Black Spring de Benoît Dervaux

Black Spring de Benoît Dervaux
Après La Devinière et A Dimanche, Benoît Dervaux prend la tangente expérimentale : son nouveau court métrage, en fait un film de commande « détourné » dans la tradition storckienne, mêle ainsi chorégraphie et interrogation du réel, dans un tourbillon de corps et d'images d'Afrique. Au départ, « Black Spring » est un spectacle chorégraphique de Heddy Maalem - un univers auquel Benoît Dervaux n'est pas vraiment familier... « Lors de notre première rencontre, on avait chacun de grosses réserves, explique le réalisateur. Je ne voyais pas très bien ce que je pouvais faire, à part une captation, et lui trouvait ça trop réducteur... Finalement nous avons eu l'idée de mêler le langage des corps au langage du réel et de la peinture, avec en filigrane la question du regard occidental sur l'Afrique, à travers ses corps. Le film se saisit ainsi de la matière dansée du spectacle qui, confrontée à des images de l'Afrique d'aujourd'hui, élargit notre propos vers une question essentielle : celle de notre regard sur l'Autre ». Visuellement, cela donne un résultat déroutant par son aspect brut et non narratif, mais pas moins captivant : l'on voit ainsi des danseurs au physique taillé dans le marbre (noir) se fondre dans un torrent de brèves séquences africaines (la foule, le port d'une ville, la mer, la nature), leur rapport visuel questionnant dès lors notre conditionnement aux images d'un autre monde, d'une civilisation qui reste à nos yeux méconnue et réduite à de violents clichés.

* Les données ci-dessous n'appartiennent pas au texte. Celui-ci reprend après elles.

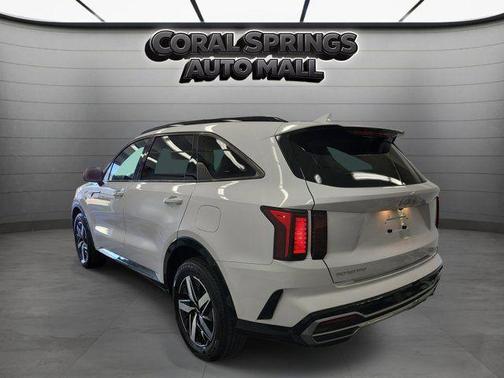 Glacial White Pearl 2023 Kia Sorento EX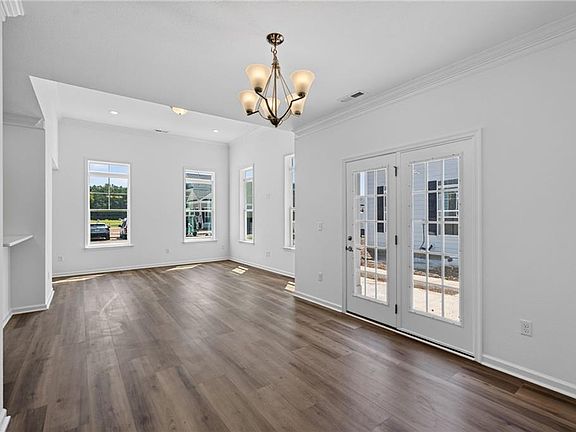 4th image of 2042 Mango St #21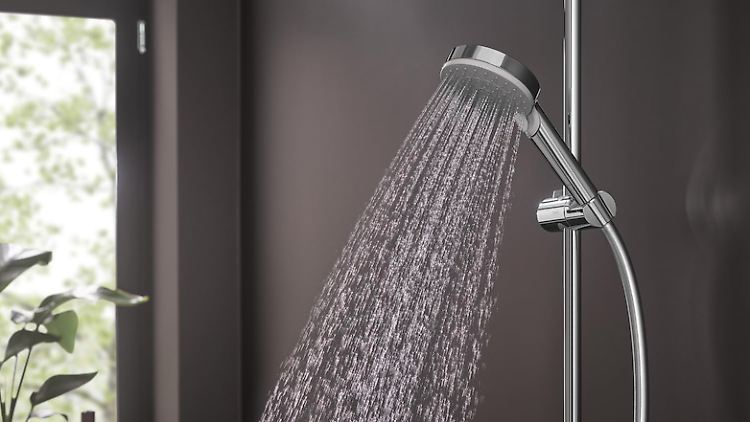 Der Hansgrohe-Duschkopf passt an jeden handelsüblichen Duschschlauch.
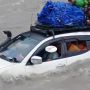 Gokil, Mitsubishi Triton 'Dipaksa' Jadi Perahu Bantu Warga Seberangi Sungai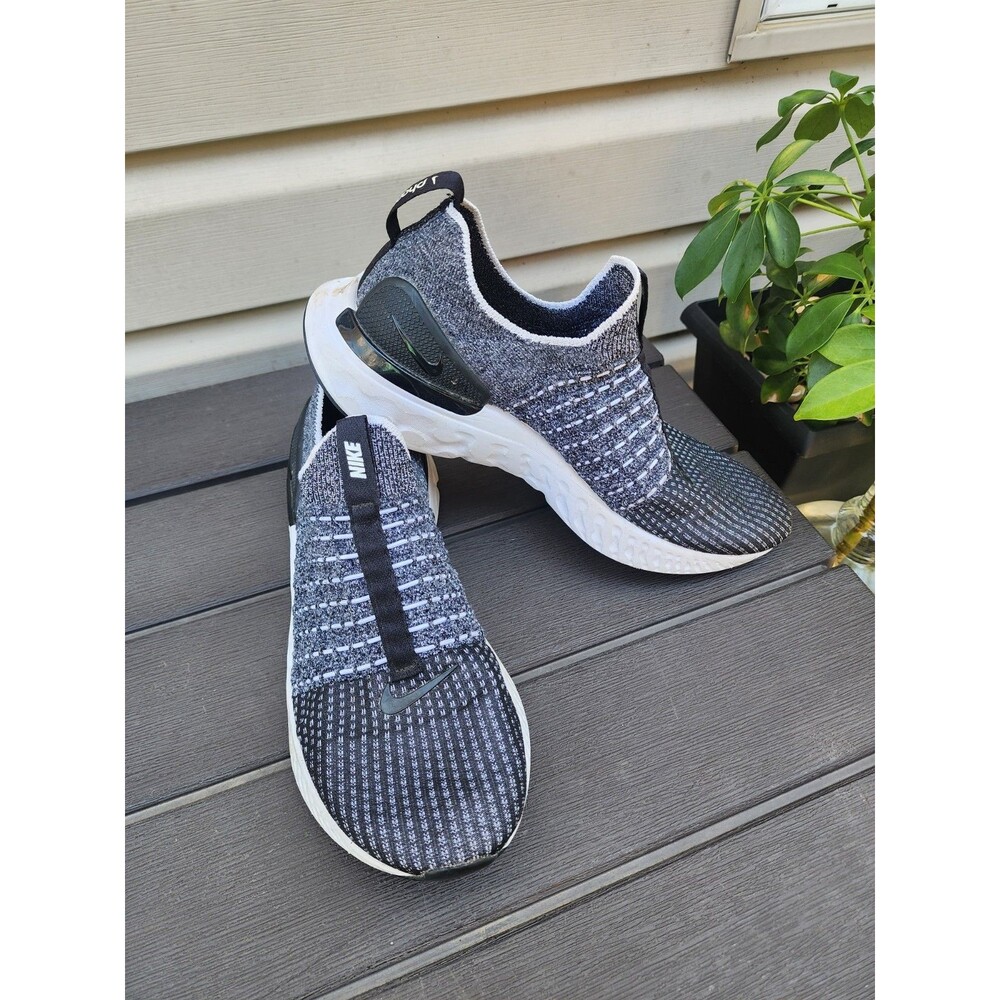 Nike React Phantom Run Flyknit 2 Black White Oreo Size 9.5 Women's Running Shoes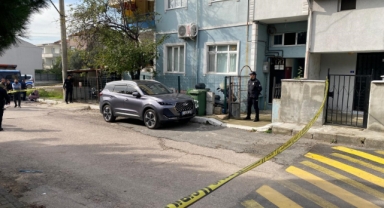 Eşini bıçaklayarak öldürdükten sonra kendini yaraladı!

De cette tension des corps, qui se cognent, s'enlacent, se mêlent, s'épuisent, l'on retient non pas l'animalité, vestige colonialiste d'une époque trouble, mais l'extraordinaire empreinte d'une culture qui se veut à tout prix moderne. « Do you want to see more african danse ? », crie l'un des danseurs, regard caméra, avant d'entamer une furieuse course dans la boîte noire de 12 m2 qui lui sert d'espace chorégraphique et incantatoire. Devant une telle débauche d'énergie, accentuée par un montage haletant de plans glanés sur le continent noir, on ne peut qu'acquiescer. Et s'interroger, pour le réévaluer, sur le regard biaisé qu'on porte sur l'Afrique.